* [Given data]:
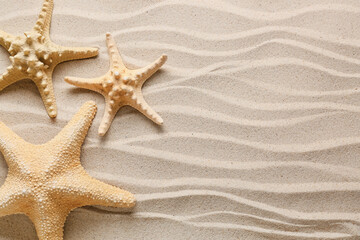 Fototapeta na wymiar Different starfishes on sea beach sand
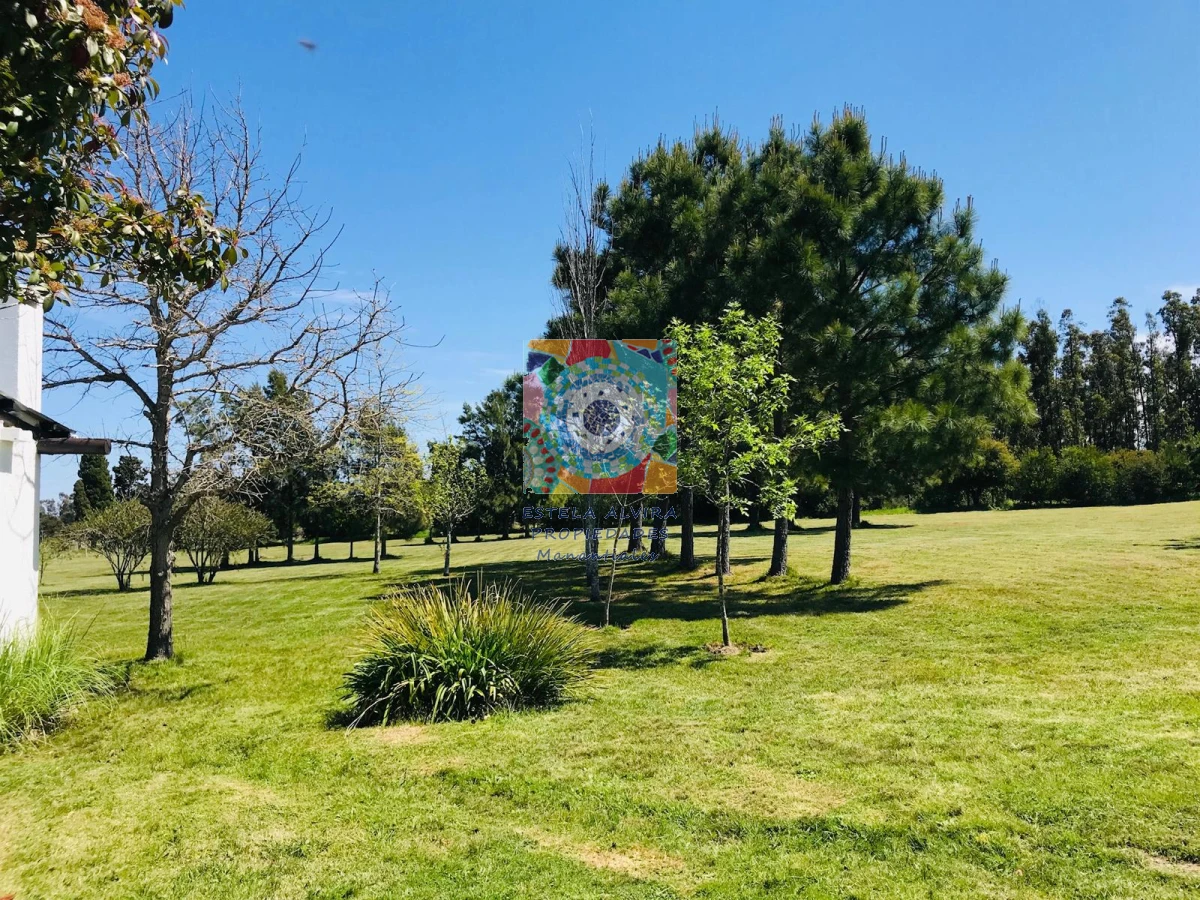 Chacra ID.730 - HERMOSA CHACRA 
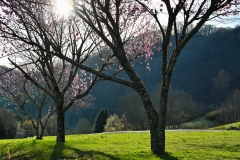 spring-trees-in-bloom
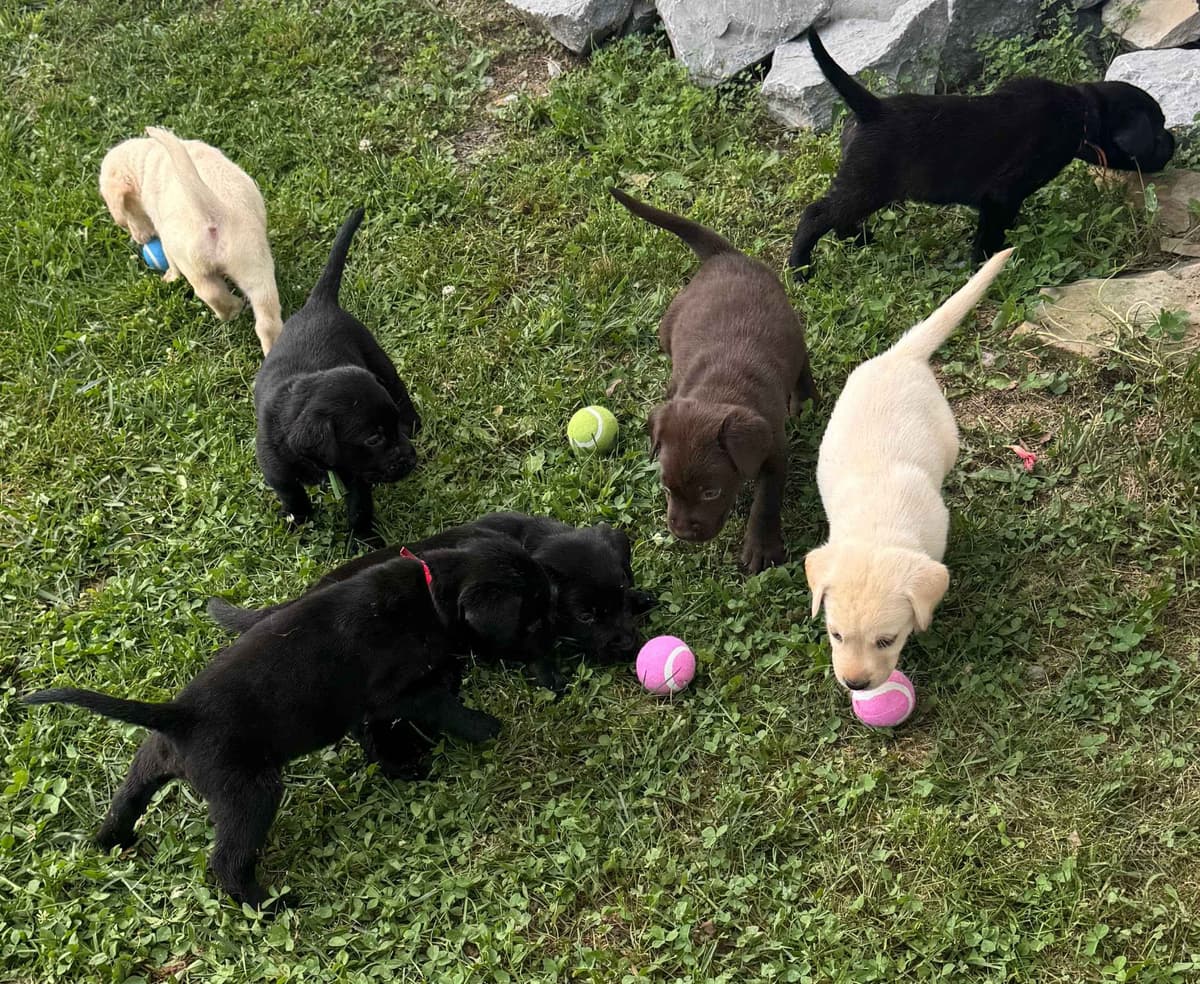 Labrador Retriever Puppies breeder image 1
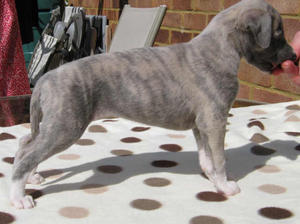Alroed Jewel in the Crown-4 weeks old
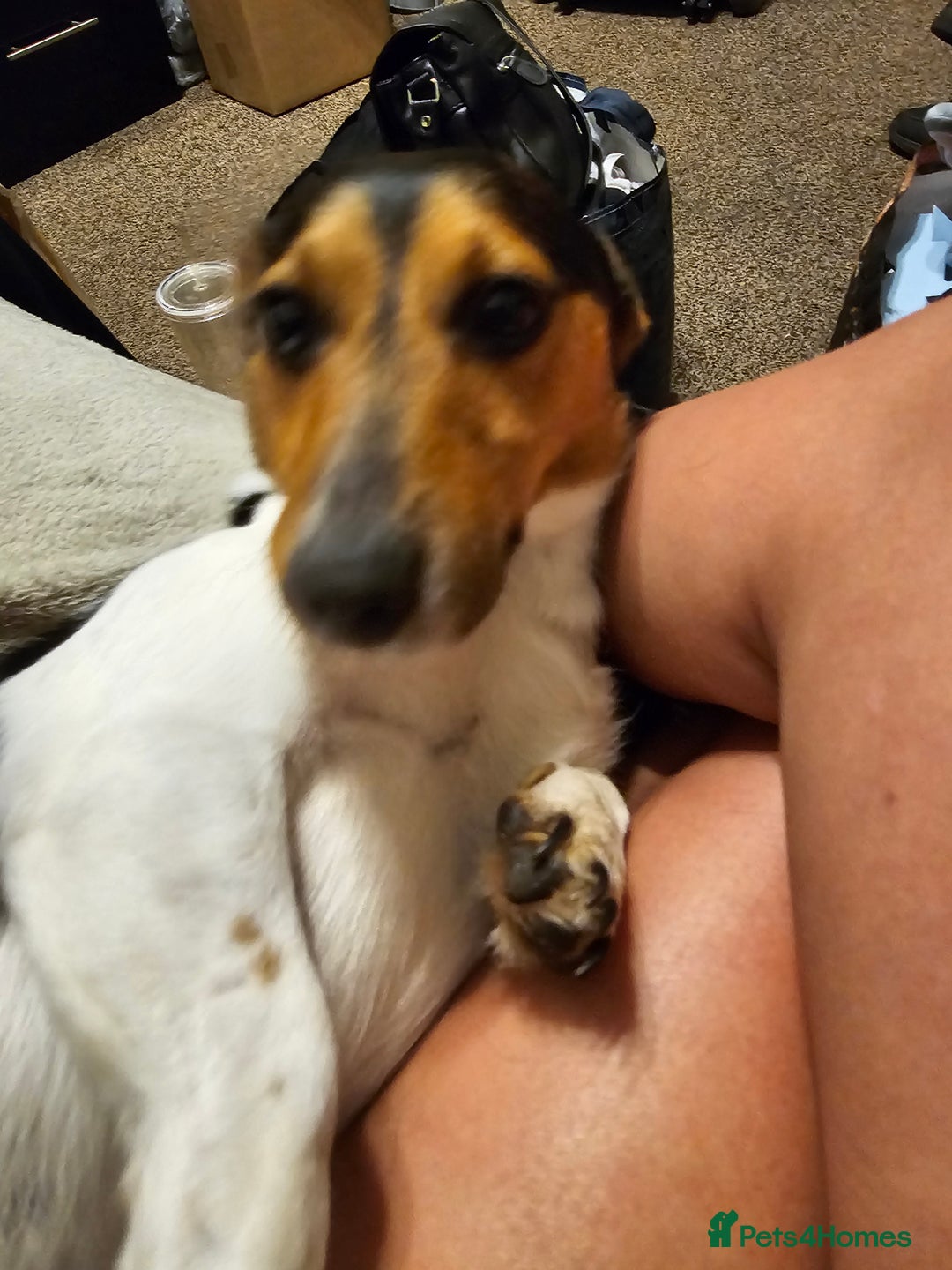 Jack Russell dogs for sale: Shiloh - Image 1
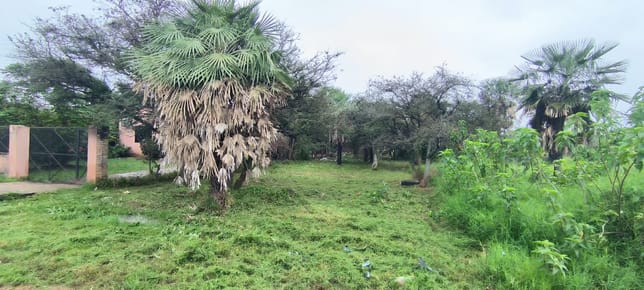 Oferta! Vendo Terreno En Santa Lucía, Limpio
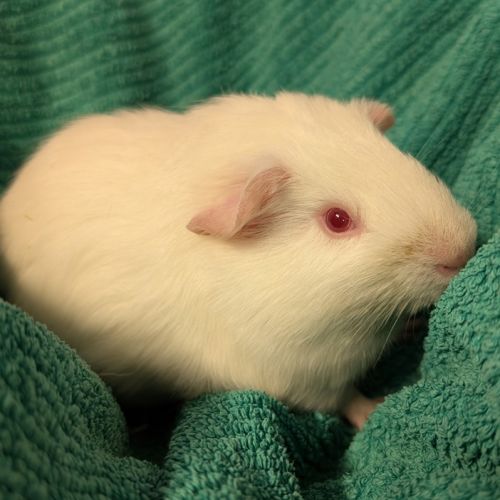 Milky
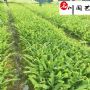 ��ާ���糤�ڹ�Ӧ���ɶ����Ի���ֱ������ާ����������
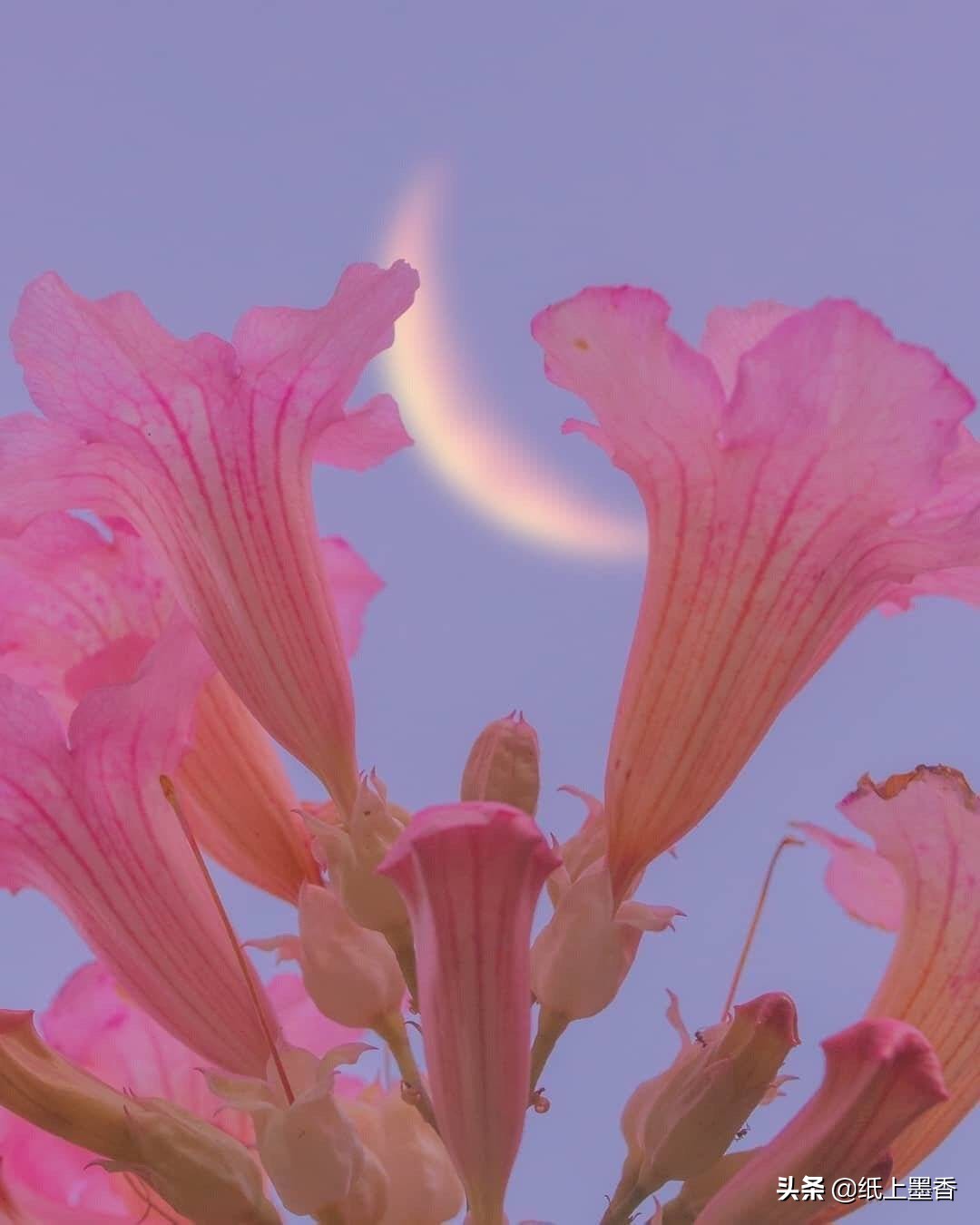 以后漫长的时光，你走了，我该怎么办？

* [What to work on]: Pictures excluded, copy exactly the lines running from the one with "Oferta! Vendo Terreno En Santa Lucía, Limpio" through the last line of the material.

* [Your solution]:
 Oferta! Vendo Terreno En Santa Lucía, Limpio
 Milky
 ��ާ���糤�ڹ�Ӧ���ɶ����Ի���ֱ������ާ����������
 以后漫长的时光，你走了，我该怎么办？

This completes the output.